いつか、きみに、ホットケーキ
13. 隠し事2


よく考えてみたら、怒ってると言われるほど声を荒げた自分がよく分からなかった。大沢が撮影中なのも分かってたはずなのに、撮影の都合も考えずに電話をかけてしまったことも反省しきりだった。さっきの自分を思い出すと自分自身に苛立ちを覚える。

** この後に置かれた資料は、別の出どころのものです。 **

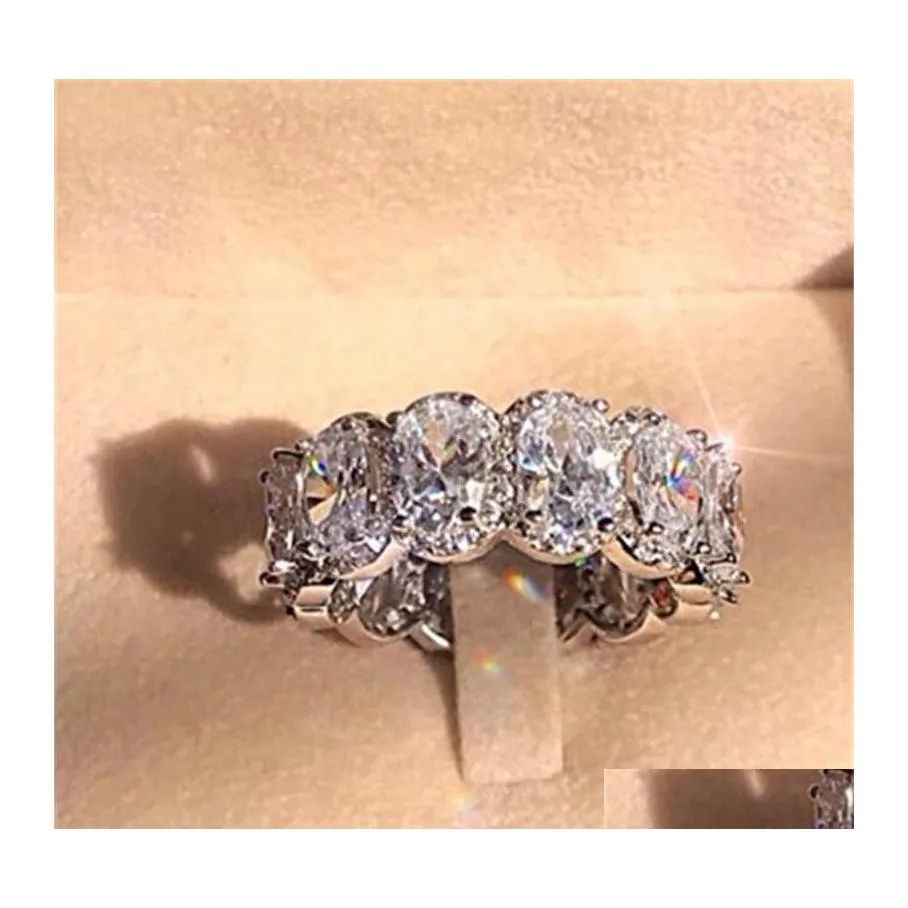 Fedi nuziali Splendida edizione limitata Eternity Band Promise Ring 925 Sterling Sier 11Pcs Oval Diamond Cz Fidanzamento per le donne Amante Otmjg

真夏の午後はどちら側を歩くとビルの陰になっているのか無意識に選びながら、事務所を出て駅までの道を早足で歩く。次第にじっとりとするTシャツの背中が気持ち悪いな、と思う。

地下鉄の階段を下りる寸前に電話が鳴る。
「はい!!」
「吉岡です。お疲れ様です。宮森さんとこ今出ました。」
「なんだ、吉岡くんか・・・あいよ、分かった。よろしくね。間に合うよね?」
「はい、言われたとおりに言って出てきました。大丈夫です。」
「うん。じゃ、後ほど。」
「はい、よろしくお願いします。」

吉岡も悪くはない。素直だし真面目だ。助手になって結構経つし仕事自体には慣れているから撮影ごとにいちいち指示したり確認したりしないといけない事もないし。まぁ、可も無く不可もない。つまり、大沢がいない撮影も最近やっと慣れてきた、のかもしれない。

それにしても結婚・・・。
そしてまた昼間の自分をイライラと思い出した。


いつだったか、大沢が「みずくさい」と言う言葉を使ったことがあった。そうだ、あの時・・・。個展の準備中に寝不足で具合が悪くなったときだった。

『なんかおかしいって思ってた・・・楽しそうだからいいやって思ってたけど・・・こんなんなるまでやりたいことがあったんなら、どうして言ってくれなかったんですか?』

大沢の少し苛立った表情を思い出す。そうだ、確かに怒っていた。『水臭いじゃんか、当然言ってくれていいはずのことを、どうして俺に黙ってるの?』そんな思いが怒りになる。


どうして黙ってるんだろう・・・。

俺は、どうして黙ってたんだろう・・・?

仕事じゃないから・・・?それもある。でも、仕事以外の自分のことだって結構色々話した。学生時代のこと、幼かった日の出来事、自分のアシスタント時代の話も、友達の事、親のこと、恋人の事。大沢が湖山のことで知らないことなんて殆どないのではないかと思うくらい。でも、あの個展は菅生さんへのラブレターだった。自分一人でやろう、と思った。だから言わなかったのだ。そこまで考えてもう一度考え直す。学生時代の友人には手伝いを頼んだのに?どうして大沢にだけ頼めなかったんだろう・・・。
よく分からない。近すぎて、何となく、そう・・・、なんとなく。